Abschliessend skizziere ich vier Konsequenzen für die Universität aus einem solchen Wissenschaftsverständnis.

1. Die Universität wird die Ausbildung der Studierenden auf die Anforderungen der sich schnell wandelnden Wissensgesellschaft abstimmen. In den neu erarbeiteten Studiengängen unserer Universität fördern wir die transdisziplinäre Reflexion. Entsprechende, in die einzelnen Studiengänge eingebaute Unterrichtseinheiten erlauben es den Studierenden, sich mit der gesellschaftlichen Bedingtheit ihres jeweiligen Fachgebietes zu befassen. Dabei denke ich insbesondere

an Themen wie Ethik, Gender, Umwelt oder Theorie und Soziologie der Wissenschaft.

2. Zu Beginn meiner Rede sprach ich von verbreiteter Wissenschaftsskepsis, ja Wissenschaftsfeindlichkeit. Ich erwähnte ferner die diffusen und beschränkten Erwartungen an die Wissenschaft. Zum heterogenen Bild der Gesellschaft gehört ebenso, dass es überzogene Ansprüche an die Wissenschaft gibt. Zwar soll sie nicht mehr die Menschheitsgeschichte lenken und die letzten Wahrheiten bereitstellen, wohl aber erwartet man von der Wissenschaft die Lösung grosser Probleme wie zum Beispiel die Besiegung «des Krebses» oder das Zum-Verschwinden-Bringen des Hungers in der Welt. Als der amerikanische Präsident 1997 das 21. Jahrhundert als das Zeitalter von Hoffnung, Wissenschaft und Technologie ausrief, schränkte er zugleich ein und warnte vor zu grosser Euphorie, denn die Wissenschaft sei nicht Gott. 13 Die Wissenschaft wird die grossen Erwartungen nicht erfüllen können und darf sie nicht schüren. Ihr Selbstverständnis muss auf das Bewusstsein ausgerichtet sein, nicht mehr als einen Beitrag zur Lösung dieser globalen Probleme liefern zu können, ein Beitrag, der eingeflochten ist in den viel breiteren Prozess politischer, wirtschaftlicher, kultureller und eben auch ethischer Entscheidungen.

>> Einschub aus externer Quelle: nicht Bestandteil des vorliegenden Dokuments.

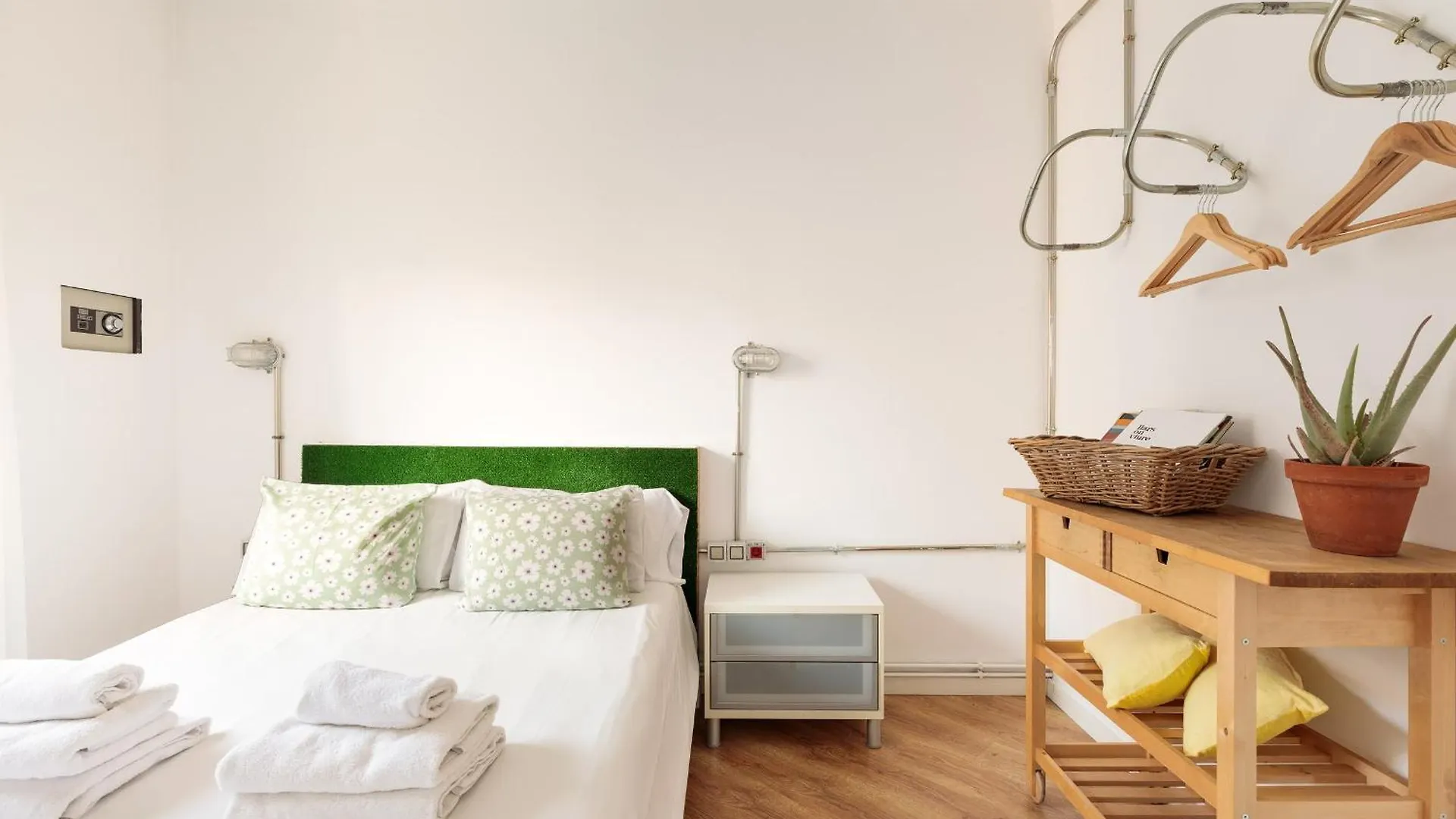Eulalias Lodges Barcelona Apartment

3. Ich bin sehr kritisch mit der Wissenschaft umgegangen, habe von Bescheidenheit und Beschränkung gesprochen, doch in dieser Rolle der Bescheidenheit und der Beschränkung hat die Wissenschaft berechtigte Erwartungen an die Gesellschaft, und ebensolche konkreten Erwartungen hat die Universität. Wenn der Wissenschaft, um mich abgekürzt auszudrücken, die Aufgabe zukommt, methodisch gesicherte Rationalität einzubringen, dann ist sie auch daran und an nichts Anderem zu messen. Die Gegenbeispiele liegen auf der Hand. Es gibt gar nicht so leise Stimmen, die nach dem nachweisbaren gesellschaftlichen und wirtschaftlichen «Nutzen» von Wissenschaft

fragen. Diese wiederkehrende Frage nach dem Nutzen bringt Wissenschaft in Verlegenheit. Denn sie lässt sich eben nur mit dem pauschalen Hinweis beantworten, dass wissenschaftliches Wissen, das Rationalität einbringt, für das Funktionieren einer demokratischen Gesellschaft unabdingbar ist. Wenn dieses Wissen in dem von mir beschriebenen Sinne prozesshaft eingebracht und auf diese Art wirksam wird, dann lässt sich solches Wissen nicht einfach im Ausland «einkaufen» oder im Internet abrufen. Heutigentags wird häufig damit argumentiert, dass Wissenschaft und Universitäten nötig seien, um die wirtschaftliche Konkurrenzfähigkeit der Schweiz zu sichern. Das ist zweifelsohne richtig, aber ebenso richtig ist auch, dass die beiden anderen Grossbereiche der Gesellschaft, nämlich Politik und Kultur, ebenso unabdingbar auf Rationalität angewiesen sind. Nur die der Rationalität verschriebene Wissenschaft kann der gesamten Gesellschaft einen solchen Dienst tun, und deswegen ist es sinnvoll, nötig und unabdingbar, dass der Staat für Wissenschaft und Universität aufkommt — und zwar sowohl für Lehre als auch für Forschung.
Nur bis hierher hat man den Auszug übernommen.